→ DATA SHOWN
BEGIN

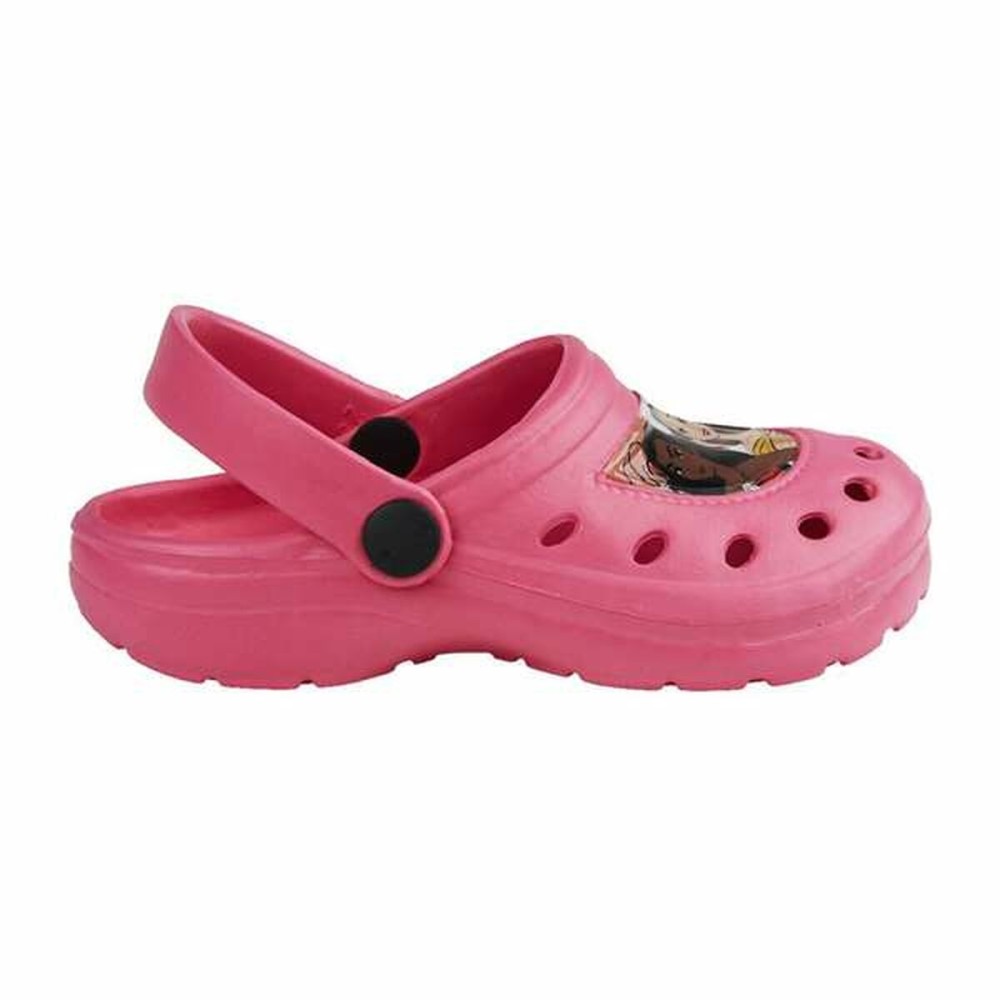 Clogs Disney Princess Pink 28-29
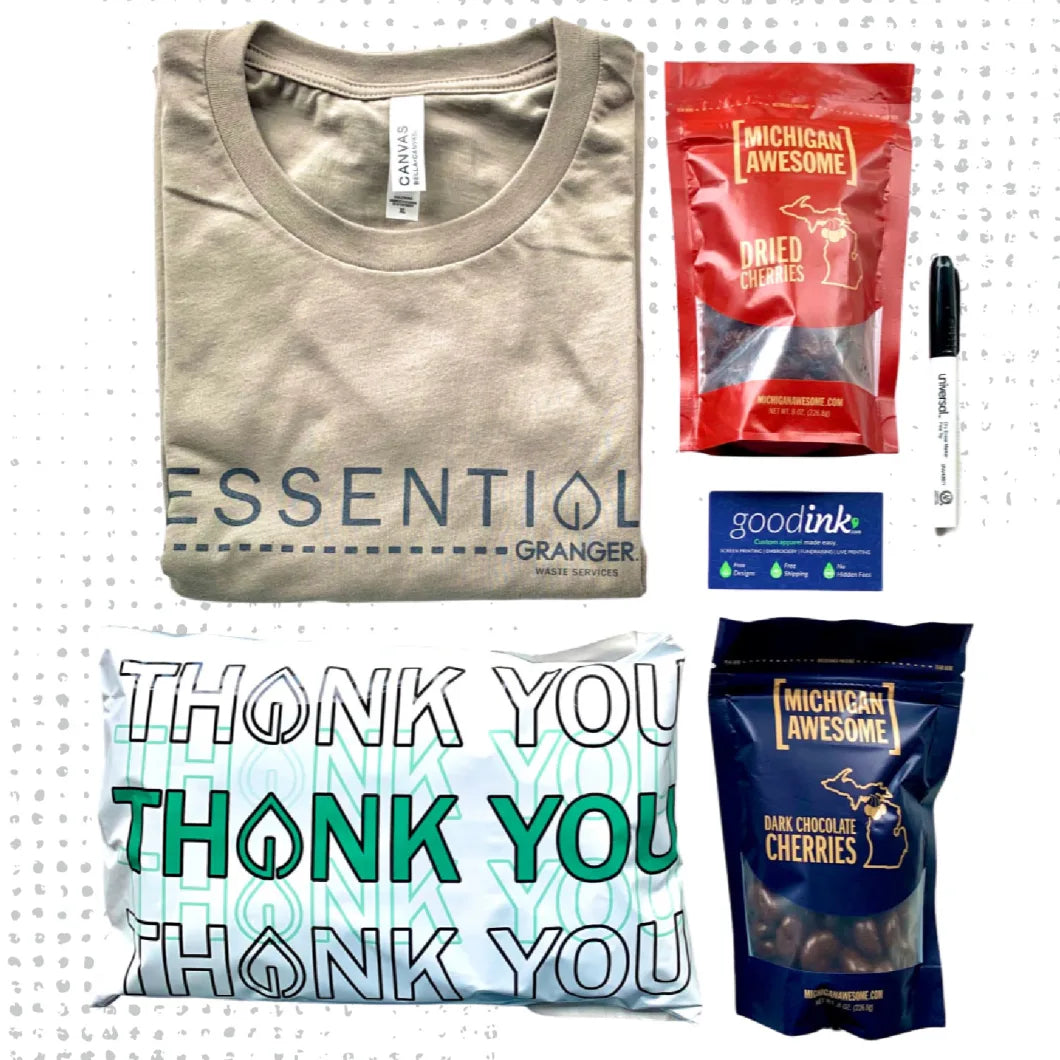 Granger Employee Appreciation Package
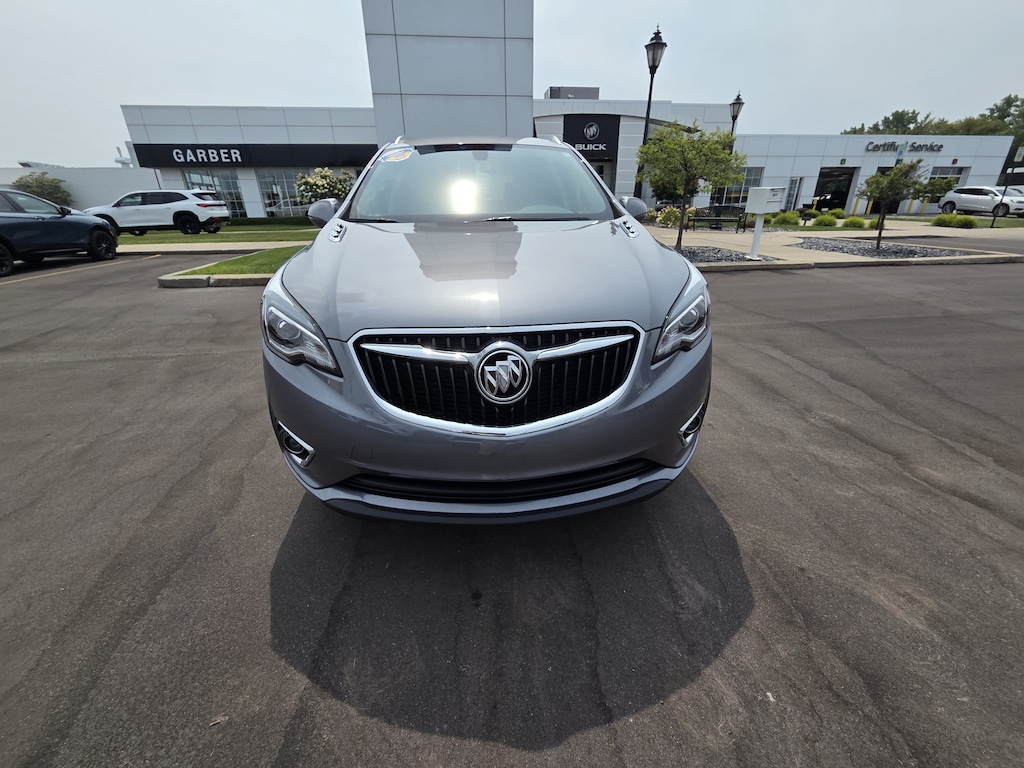 Used 2020 Buick Envision Essence SUV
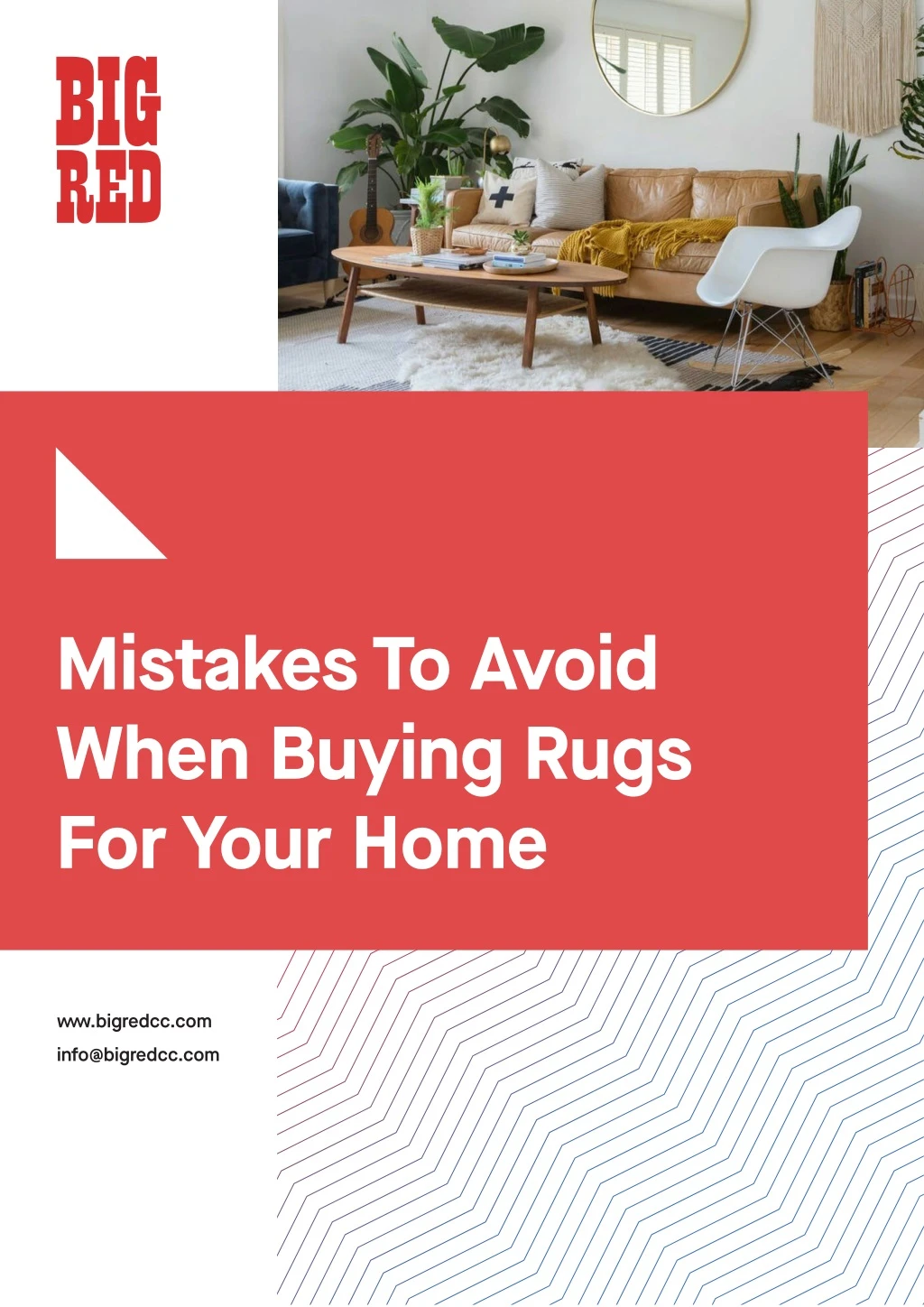 mistakes to avoid when buying rugs for your home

END

→ WORK ITEM
Take the line with "Granger Employee Appreciation Package" and every line after it through the end of the data, and write only them out exactly, leaving out the pictures.

→ EXPECTED OUTPUT
 Granger Employee Appreciation Package
 Used 2020 Buick Envision Essence SUV
 mistakes to avoid when buying rugs for your home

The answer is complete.